Re: [PATCH v10 00/12] LUF(Lazy Unmap Flush) reducing tlb numbers over 90%

Byungchul Park <byungchul@xxxxxx> · Wed, 29 May 2024 14:00:46 +0900

On Tue, May 28, 2024 at 08:14:43AM -0700, Dave Hansen wrote:
> On 5/26/24 20:10, Huang, Ying wrote:
> >> Thank you for the pointing out.  I will fix it too by introducing a new
> >> flag in inode or something to make LUF aware if updating the file has
> >> been tried so that LUF can give up and flush right away in the case.
> >>
> >> Plus, I will add another give-up at code changing the permission of vma
> >> to writable.
> > I guess that you need a framework similar as
> > "flush_tlb_batched_pending()" to deal with interaction with other TLB
> > related operations.
> 
> Where "other TLB related operations" includes both things that
> traditionally invalidate TLBs (like going Present 1=>0) and things like
> fault-in that go Present 0=>1 that can result in TLB population.
> 
> It's actually a really crummy problem to solve.  We don't have _any_
> machinery to say, "Hey, you know that PTE you wanted to install?  There
> was something there before you and we haven't flushed it yet.  Can you
> be a doll and do a flush before _populating_ that PTE?"
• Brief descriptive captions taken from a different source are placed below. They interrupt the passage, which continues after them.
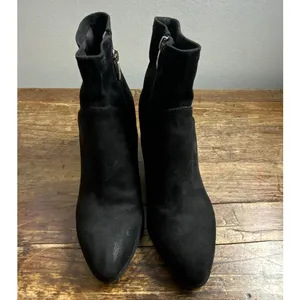 Marc Fisher Black Suede Booties size‎ 6.5 thumbnail 2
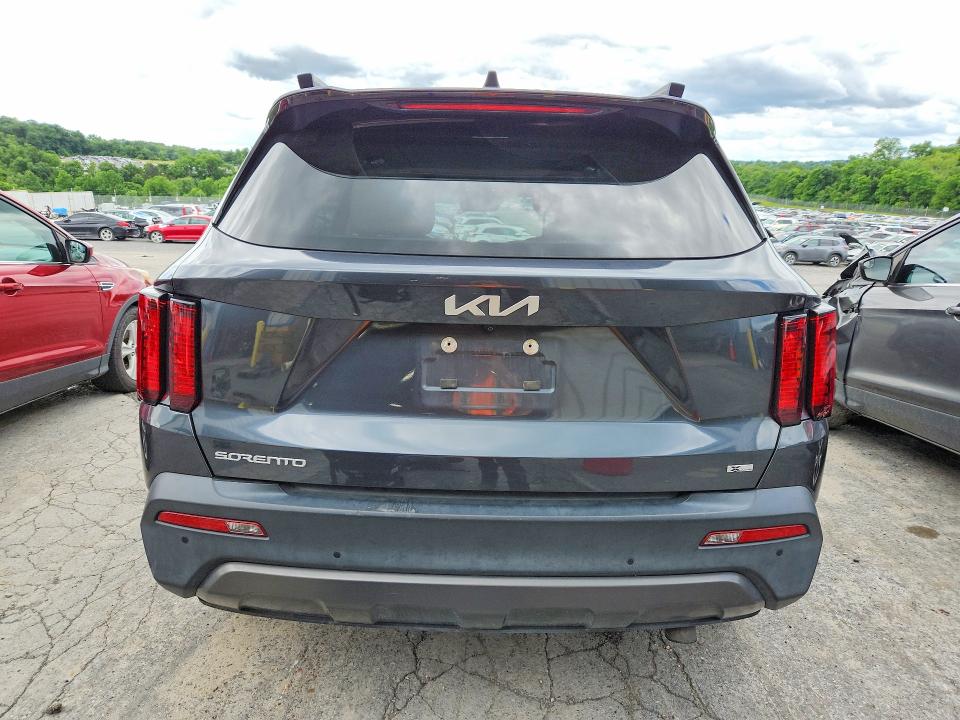 56755546 :رقم المزاد ، 5XYRHDLF0PG165414 vin ، 2023 Kia Sorento مزاد بيع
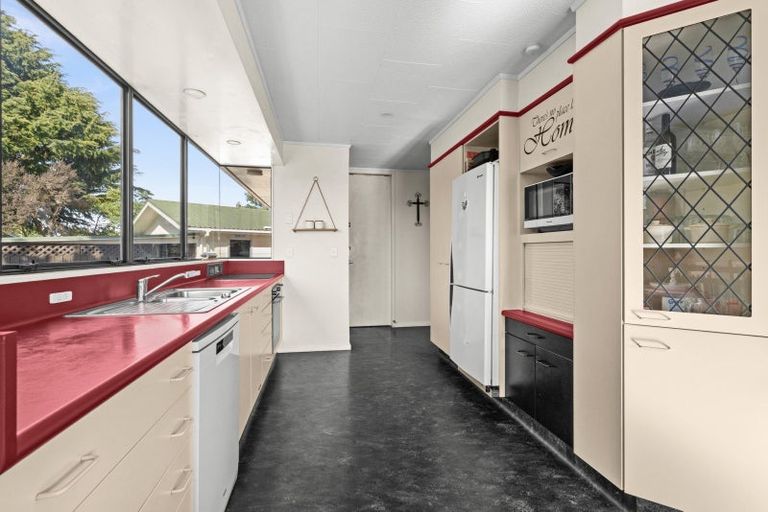 Photo of property in 43 Ryan Crescent, Greenmeadows, Napier, 4112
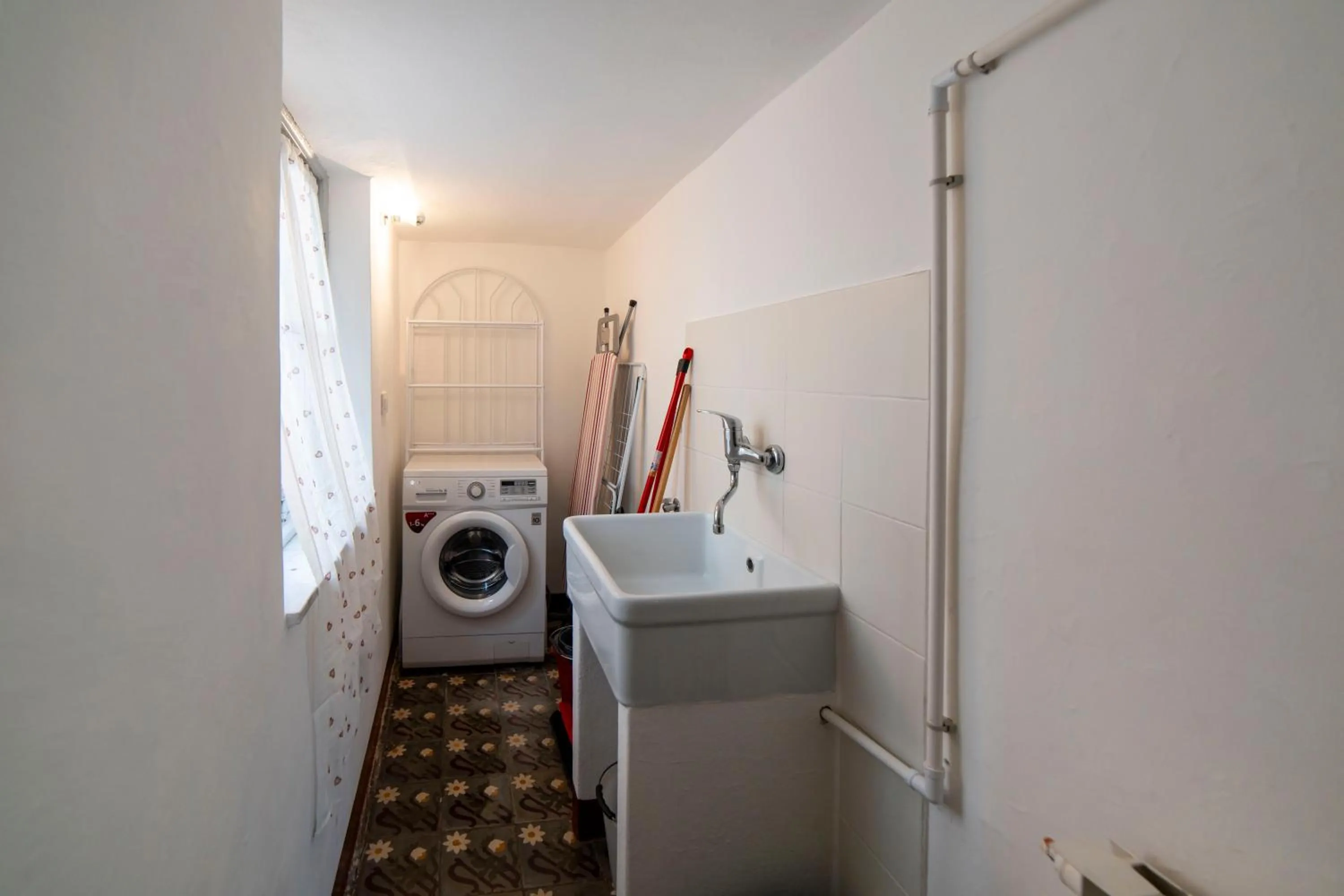 washing machine in Ca di Ni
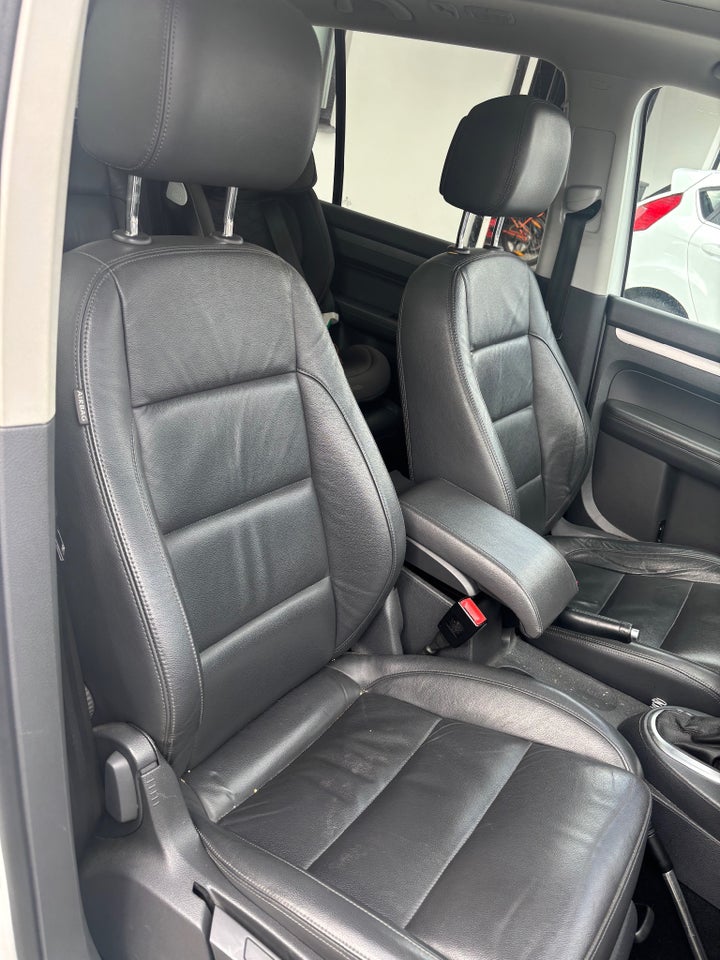 VW Touran 2,0 TDi 177 Highline DSG 7prs 5d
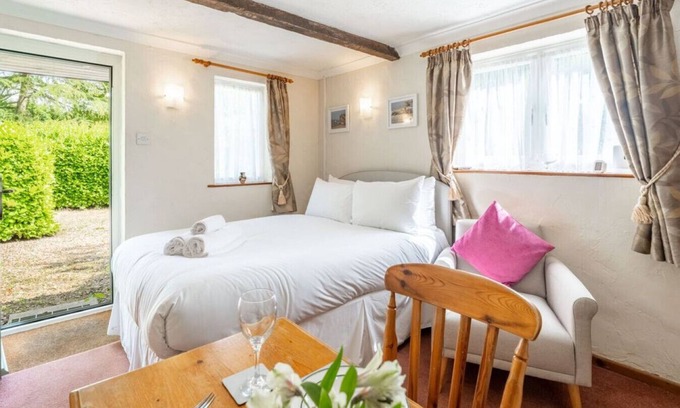 Rackheath Cottage | Swift Host Barn Cottage Rural Barn near the Norfolk Broads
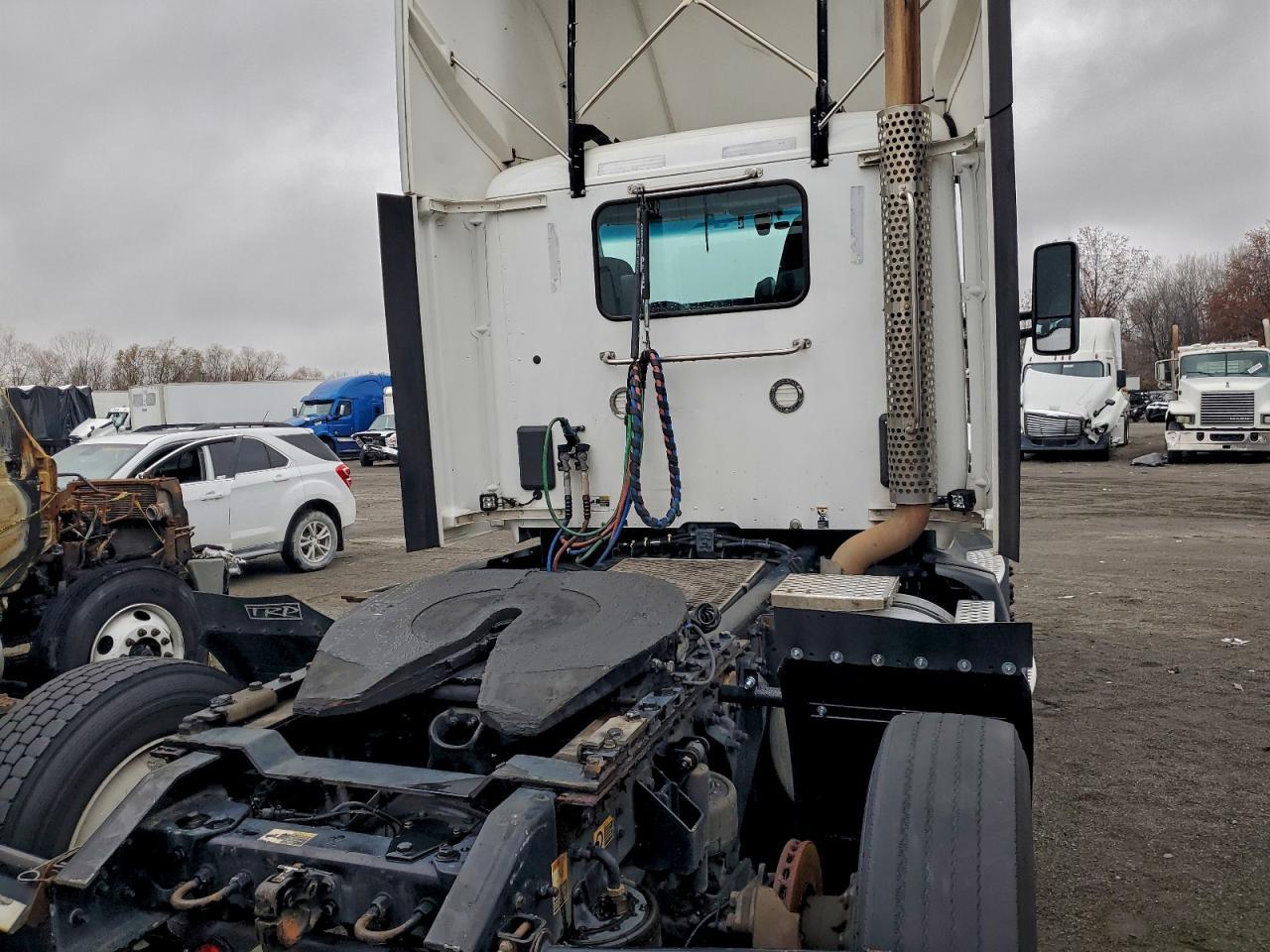 2020 Kenworth T680 Semi Truck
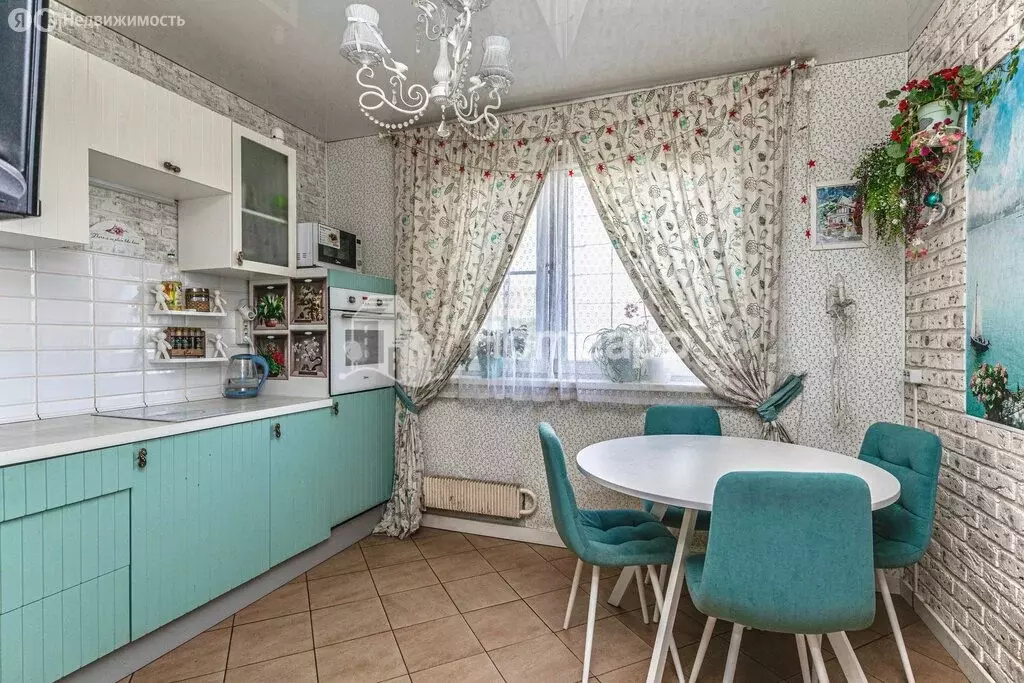 3-комнатная квартира: Москва, Зюзинская улица, 4к1 (74.2 м) - Фото 0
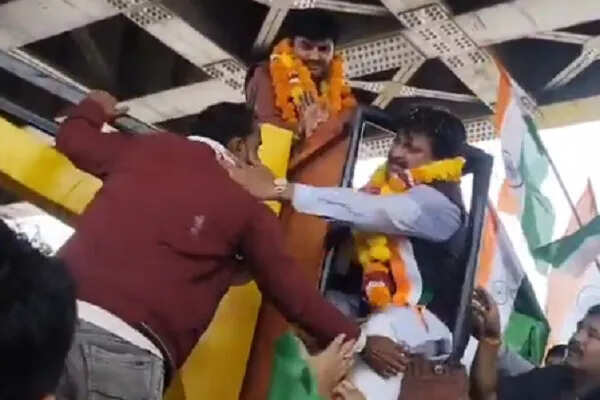 भाजपा सांसद गणेश सिंह का कर्मचारी पर थप्पड़ मारने का वीडियो वायरल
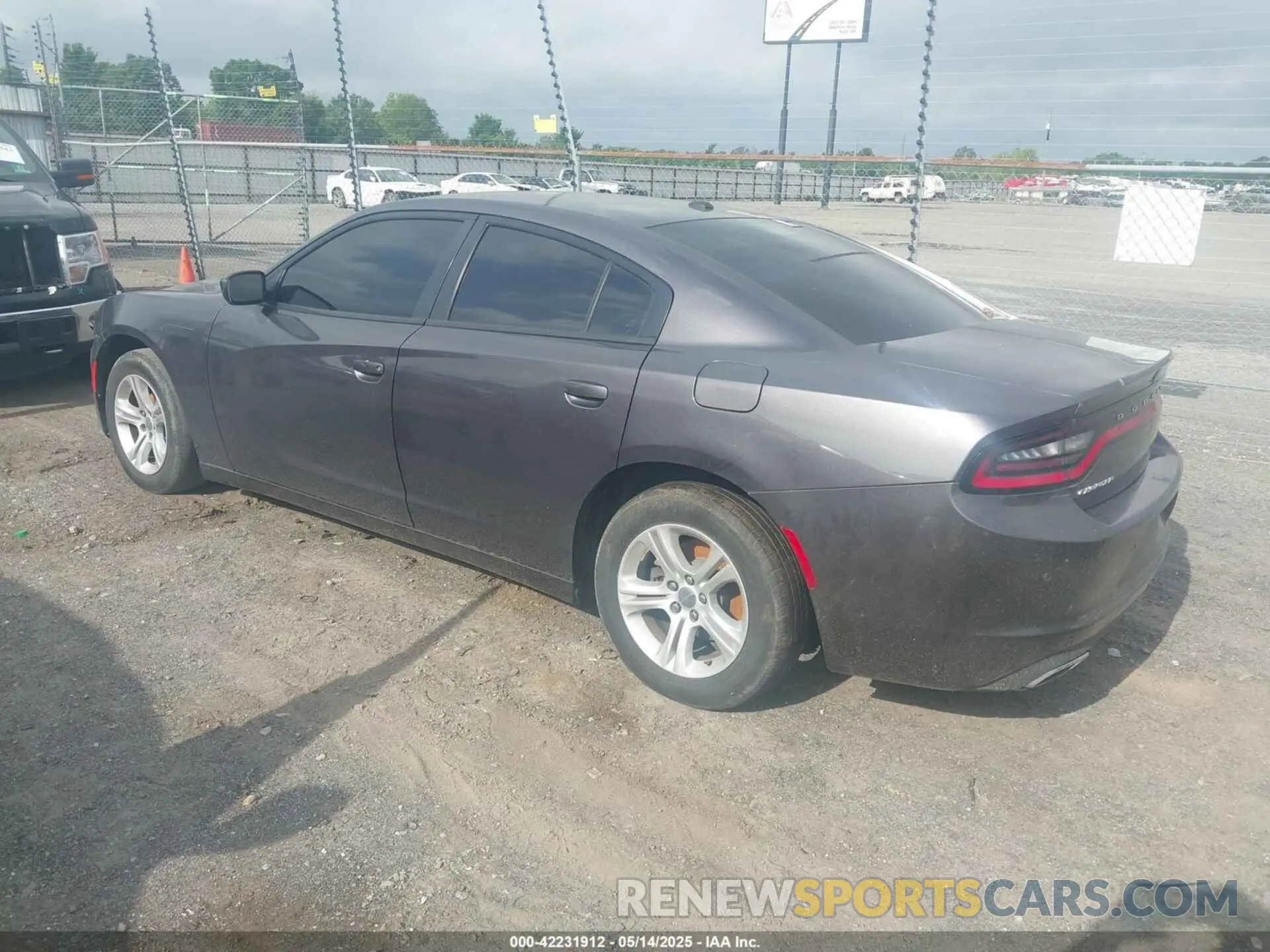 3 fotografías del automóvil dañado 2C3CDXBG9KH711591 DODGE CHARGER 2019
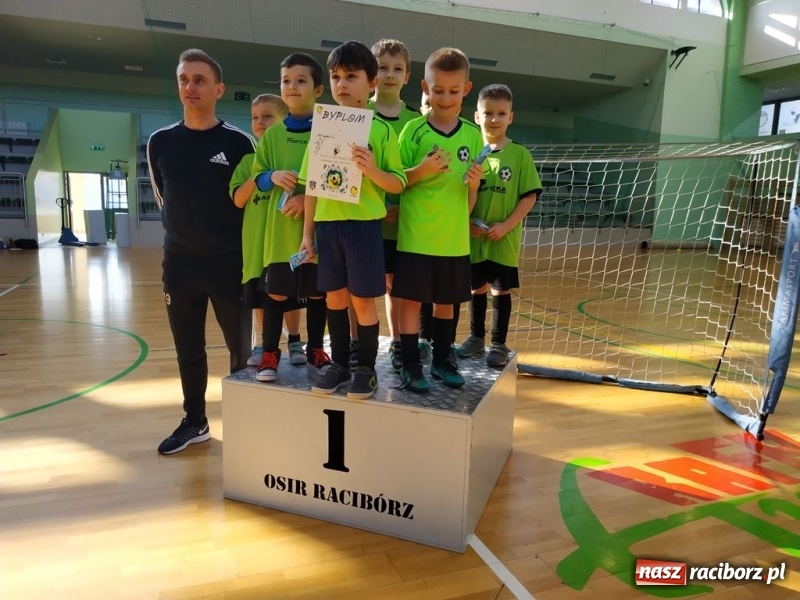 Zdjęcie w galerii na portalu naszraciborz.pl: Turniej piłki nożnej dla najmłodszych w ramach akcji Zima w Mieście wiadomości z regionu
All the code updating ptes already performs TLB flush needed in a safe
way if it's inevitable e.g. munmap.  LUF which controls when to flush in
a higer level than arch code, just leaves stale ro tlb entries that are
currently supposed to be in use.  Could you give a scenario that you are
concering?

	Byungchul

> To solve it generically, I suspect you'll need some kind of special
> non-present PTE to say:
> 
> 	There _was_ a PTE here that wasn't flushed.
> 
> Sure, you can add gunk to the VMA to track when this happens.  But
> that'll penalize anyone populating a PTE anywhere in the VMA at least
> once.  If there were other threads faulting in pages to the same VMA,
> they'll just end up doing the flush that LUF tried to avoid in the first
> place.